Coconut is a polarizing food. For every person who hears the word "coconut" and thinks "Mmmmm", there is another who thinks "Yuck". There's also probably another person like me who thinks, "You put the lime in the coconut and shake it all up. You put the lime in the coconut and drink em both up...", but that's not helpful.
In this dish, plain long grain rice is cooked in coconut milk, absorbing the milk and the flavor. It seems like it should be a dessert dish, but it works well as a side to a tangy or spicy main course. I served it with a vegetarian version of a citrusy spicy Thai tom kha kai soup that I'll publish Monday, and it was well received. One guest even took to lightly dipping his rice in the soup to combine the flavors directly.
I make the coconut milk a little thicker with some shredded coconut and blend the mix together to not only integrate and further shred the dried coconut but to homogenize the coconut milk which separates into a coconut milk and coconut cream component in the can. You can omit the shredded coconut, but do stir or blend your coconut milk together to make it uniformly thick or you may end up with rice with less coconut flavor in the rice itself mixed with a coconut paste. That might be good, but it's not what we're shooting for here.
1 14 oz. can Coconut Milk - (note, do not use creamed coconut or coconut cream for this recipe. You want the thinner milk and not the thicker sweetened coconut cream that is better used for fruity drinks)
1 1/2 cups long grain rice
1 big pinch kosher salt
optional - 1/2 cup shredded cocount
water or soy milk as needed
Homogenize your coconut milk in a blender by pouring it in and pureeing for about 15 seconds. If using the shredded coconut, add it before blending and blend for 20 seconds.

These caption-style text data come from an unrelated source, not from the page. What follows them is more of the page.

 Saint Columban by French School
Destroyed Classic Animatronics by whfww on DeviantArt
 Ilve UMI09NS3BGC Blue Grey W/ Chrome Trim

Pour the coconut milk into a medium pot over high heat and add 1/4 cup water or soy milk. Add the salt and stir. Bring the mix to a boil, reduce to a bare simmer and cover.
After about 10 minutes, test the rice. If it is still undercooked (and it should be at this stage), replace cover and continue cooking. If the rice is drying out when you check it, add a little soy milk or water and check again in a few minutes. Repeat as needed until the rice is tender. I had a tough time "breaking" my rice and eventually added some soy milk, stirred the pot, and brought it back up to a boil which did the trick in a minute or so.

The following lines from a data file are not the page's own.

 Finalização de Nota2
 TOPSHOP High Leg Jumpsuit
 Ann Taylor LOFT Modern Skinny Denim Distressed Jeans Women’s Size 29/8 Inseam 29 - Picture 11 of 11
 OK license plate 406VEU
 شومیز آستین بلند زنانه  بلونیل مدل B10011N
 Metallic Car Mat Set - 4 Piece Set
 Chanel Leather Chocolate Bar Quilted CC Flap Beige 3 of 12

You can use water to add liquid to the dish, but I found as I added water that the flavor of the coconut in the rice was diluted (duh). Soy milk has a similar flavor profile to coconut milk, and added back some of the flavor lost earlier. Of course you could use more homogenized coconut milk as well. Different rices cook differently, and I'd be leery of waterlogging the rice (or coconutmilk-logging the rice) so start with the amount of coconut milk listed here and add slowly.

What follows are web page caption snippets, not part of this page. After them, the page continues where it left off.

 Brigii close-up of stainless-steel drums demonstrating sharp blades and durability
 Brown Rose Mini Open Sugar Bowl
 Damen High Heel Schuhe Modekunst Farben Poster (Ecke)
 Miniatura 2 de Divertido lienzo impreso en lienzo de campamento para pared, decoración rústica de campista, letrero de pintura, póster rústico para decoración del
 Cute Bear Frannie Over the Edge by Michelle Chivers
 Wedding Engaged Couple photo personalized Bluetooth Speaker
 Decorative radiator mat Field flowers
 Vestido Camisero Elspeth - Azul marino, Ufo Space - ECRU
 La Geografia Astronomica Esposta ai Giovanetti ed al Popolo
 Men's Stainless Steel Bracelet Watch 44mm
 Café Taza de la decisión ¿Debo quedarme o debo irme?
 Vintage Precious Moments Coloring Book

If you end up with soupy rice, take the lid off the pot and try to cook off the excess moisture. If you add the liquid a small amount at a time (think a 1/4 cup at most), this shouldn't happen as rice can absorb a heck of a lot of liquid.
Serve on its own or as a side for a spicy dish. What to drink with this dish? It's obvious - "You put the lime in de coconut and shake it all up. You put de lime in de coconut and shake it all up. Doctor! Doctor!"